We made a bee-line for the Kingston University stand, as we are hoping to work with some of their students as part of our project. After admiring an electric guitar made of hemp, we were invited to join in a game of eco-construction trumps - the School of Surveying and Planning’s new take on the classic Top Trumps game. 

Spurred on by memories of playing the game as children, we played a few rounds. We are quickly expanding our knowledge of insulation and all things sustainable and found the game a great tool to get people thinking about different building materials and to compare properties such as embodied carbon, durability and recyclability. The data for the game came from the mine of information that is GreenSpec, a site which I can see us visiting quite a lot. 


Tuesday, 8 March 2011

Here comes the sun!

Much excitement in the project office today. The first of the photovoltaic solar panels were installed on the roof of the stable yard, and it seemed only fitting that the sun shone all day to mark the occasion. 
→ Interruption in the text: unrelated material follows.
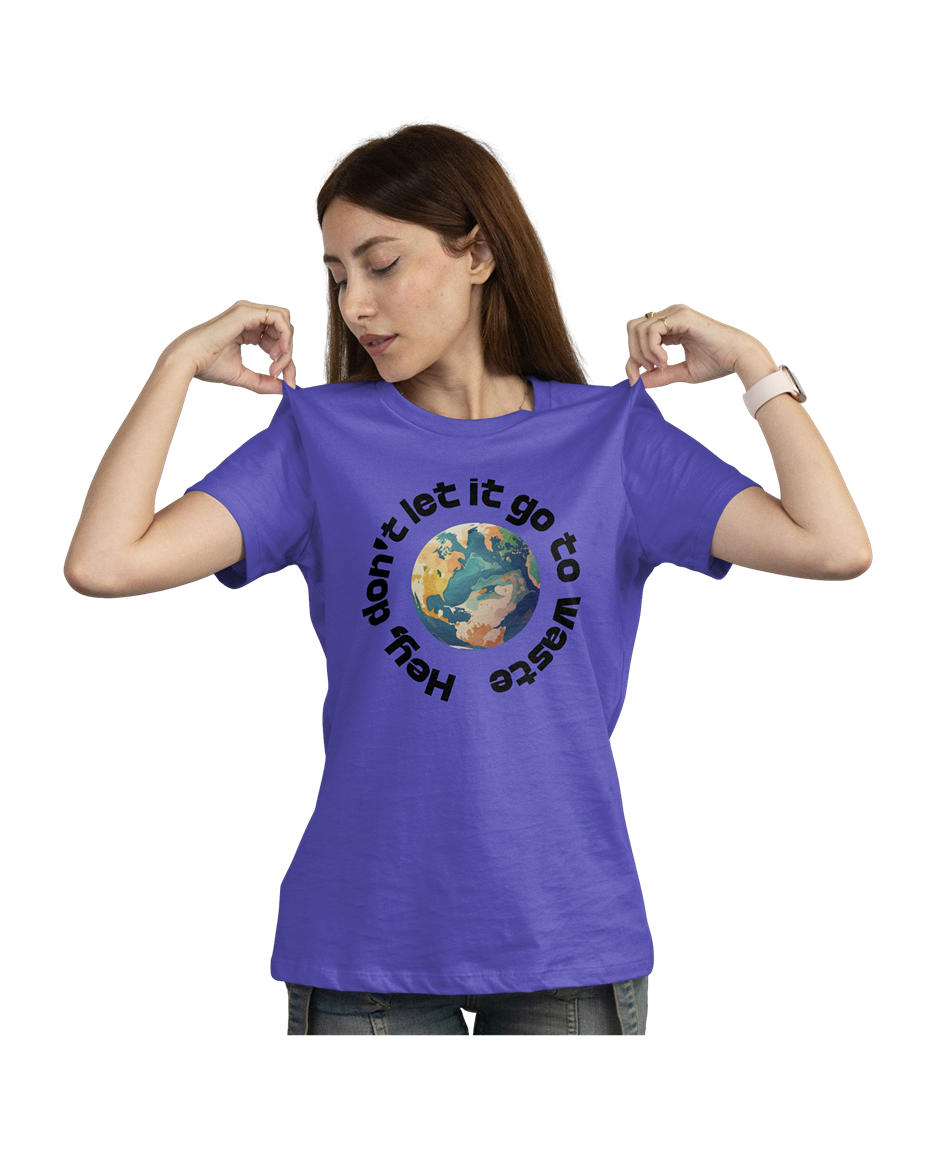 Woman wearing a blue t-shirt with an Earth with text 'Don't let it go to waste' on a white background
The PV panels, made by German company Schüco, will eventually cover an area of 18m on the west-facing roof of the stable yard. These will be followed over the coming weeks by PV solar slates on the east-facing roof and PV-T (combined photovoltaic and solar thermal) panels on the south facing roof. Together we estimate that these will generate over 6,000 kWh of electricity per year. 

NTPL/Jon Whitehead

Friday, 4 March 2011

Funding floods in from Thames Water

This week in the Heart of the Park office the hot topic of discussion is water saving after Thames Water has generously agreed to make a vital contribution  towards the project. The £75,000 grant will help fund the installation of the Archimedes Screw hydroelectric turbine in the river Wandle.
The Thames Water funding comes from their Ten for Ten programme  which aims to fund educational and awareness raising programmes relating to water efficiency, biodiversity and conservation. As part of our new partnership with Thames Water, the new Heart of the Park centre will include a permanent exhibit on water saving measures to save money and energy. In the meantime Thames Water’s website includes some handy tips to help you become more ‘water wise’. 
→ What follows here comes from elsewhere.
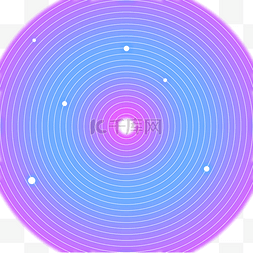 几何隧道图片_紫色蓝色霓虹光感发光几何线圈隧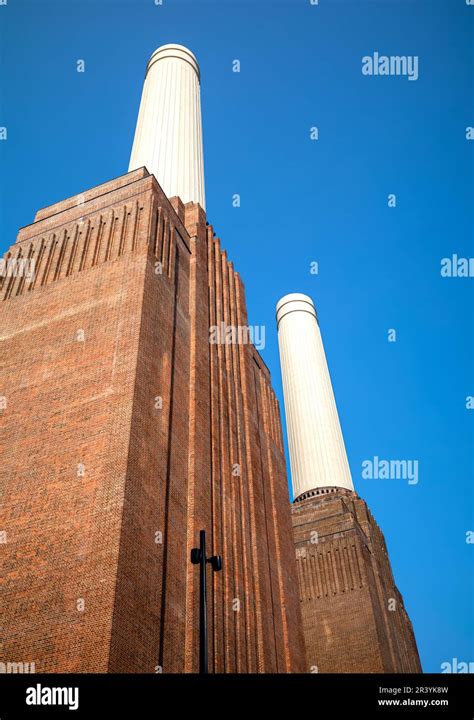 Looking Up At The Iconic Battersea Power Station London Uk A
Water is a resource we often take for granted, but it is actually becoming increasingly precious due to climate change and the increasing demand for water in dishwashers, washing machines and other water hungry appliances like power showers. In fact, according to Thames Water, people in the Thames region use 20 litres more per day than they did in the 1980s, that’s an extra 140 litres a week. 

So, to try to become more ‘water wise’ we have ordered our Thames Water shower timers and are keeping clean whilst taking up the 4 minute shower challenge.